> _Your goal_:
Print the records exactly as they are written.

|---|

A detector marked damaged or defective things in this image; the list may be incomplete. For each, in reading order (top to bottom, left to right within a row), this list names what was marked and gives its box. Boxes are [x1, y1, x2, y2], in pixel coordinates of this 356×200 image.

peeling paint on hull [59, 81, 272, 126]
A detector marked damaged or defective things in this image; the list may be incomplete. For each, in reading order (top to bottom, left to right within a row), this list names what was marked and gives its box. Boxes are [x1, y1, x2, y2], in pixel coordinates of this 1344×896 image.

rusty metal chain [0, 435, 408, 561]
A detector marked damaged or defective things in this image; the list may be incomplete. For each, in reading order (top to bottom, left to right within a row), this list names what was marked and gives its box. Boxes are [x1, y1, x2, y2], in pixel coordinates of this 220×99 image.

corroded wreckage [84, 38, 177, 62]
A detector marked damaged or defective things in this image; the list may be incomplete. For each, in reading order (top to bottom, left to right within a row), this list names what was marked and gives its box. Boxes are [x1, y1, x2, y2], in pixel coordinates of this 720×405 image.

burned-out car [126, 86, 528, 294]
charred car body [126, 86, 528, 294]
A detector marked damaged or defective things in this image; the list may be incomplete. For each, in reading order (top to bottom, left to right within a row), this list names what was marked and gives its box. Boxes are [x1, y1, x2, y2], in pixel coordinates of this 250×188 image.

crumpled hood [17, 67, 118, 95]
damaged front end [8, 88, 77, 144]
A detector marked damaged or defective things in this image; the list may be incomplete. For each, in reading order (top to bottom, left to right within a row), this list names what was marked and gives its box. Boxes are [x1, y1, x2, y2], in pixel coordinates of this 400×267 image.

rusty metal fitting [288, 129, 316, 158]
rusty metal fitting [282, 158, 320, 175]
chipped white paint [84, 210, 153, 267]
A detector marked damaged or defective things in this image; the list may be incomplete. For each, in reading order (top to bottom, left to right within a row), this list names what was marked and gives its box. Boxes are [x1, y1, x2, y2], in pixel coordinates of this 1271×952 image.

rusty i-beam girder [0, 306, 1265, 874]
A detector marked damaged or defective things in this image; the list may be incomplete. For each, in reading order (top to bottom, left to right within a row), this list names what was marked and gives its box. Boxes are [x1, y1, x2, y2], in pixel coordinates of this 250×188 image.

|---|

> _Task answer_:
A detector marked damaged or defective things in this image; the list may be incomplete. For each, in reading order (top to bottom, left to right within a row), this list names what was marked and gives its box. Boxes are [x1, y1, x2, y2], in pixel coordinates of this 356×200 image.

peeling paint on hull [59, 81, 272, 126]
A detector marked damaged or defective things in this image; the list may be incomplete. For each, in reading order (top to bottom, left to right within a row), this list names what was marked and gives its box. Boxes are [x1, y1, x2, y2], in pixel coordinates of this 1344×896 image.

rusty metal chain [0, 435, 408, 561]
A detector marked damaged or defective things in this image; the list may be incomplete. For each, in reading order (top to bottom, left to right within a row), this list names what was marked and gives its box. Boxes are [x1, y1, x2, y2], in pixel coordinates of this 220×99 image.

corroded wreckage [84, 38, 177, 62]
A detector marked damaged or defective things in this image; the list may be incomplete. For each, in reading order (top to bottom, left to right within a row), this list names what was marked and gives its box. Boxes are [x1, y1, x2, y2], in pixel coordinates of this 720×405 image.

burned-out car [126, 86, 528, 294]
charred car body [126, 86, 528, 294]
A detector marked damaged or defective things in this image; the list may be incomplete. For each, in reading order (top to bottom, left to right within a row), this list names what was marked and gives its box. Boxes are [x1, y1, x2, y2], in pixel coordinates of this 250×188 image.

crumpled hood [17, 67, 118, 95]
damaged front end [8, 88, 77, 144]
A detector marked damaged or defective things in this image; the list may be incomplete. For each, in reading order (top to bottom, left to right within a row), this list names what was marked and gives its box. Boxes are [x1, y1, x2, y2], in pixel coordinates of this 400×267 image.

rusty metal fitting [288, 129, 316, 158]
rusty metal fitting [282, 158, 320, 175]
chipped white paint [84, 210, 153, 267]
A detector marked damaged or defective things in this image; the list may be incomplete. For each, in reading order (top to bottom, left to right within a row), this list names what was marked and gives its box. Boxes are [x1, y1, x2, y2], in pixel coordinates of this 1271×952 image.

rusty i-beam girder [0, 306, 1265, 874]
A detector marked damaged or defective things in this image; the list may be incomplete. For each, in reading order (top to bottom, left to right within a row), this list names what was marked and gives its box. Boxes are [x1, y1, x2, y2], in pixel coordinates of this 250×188 image.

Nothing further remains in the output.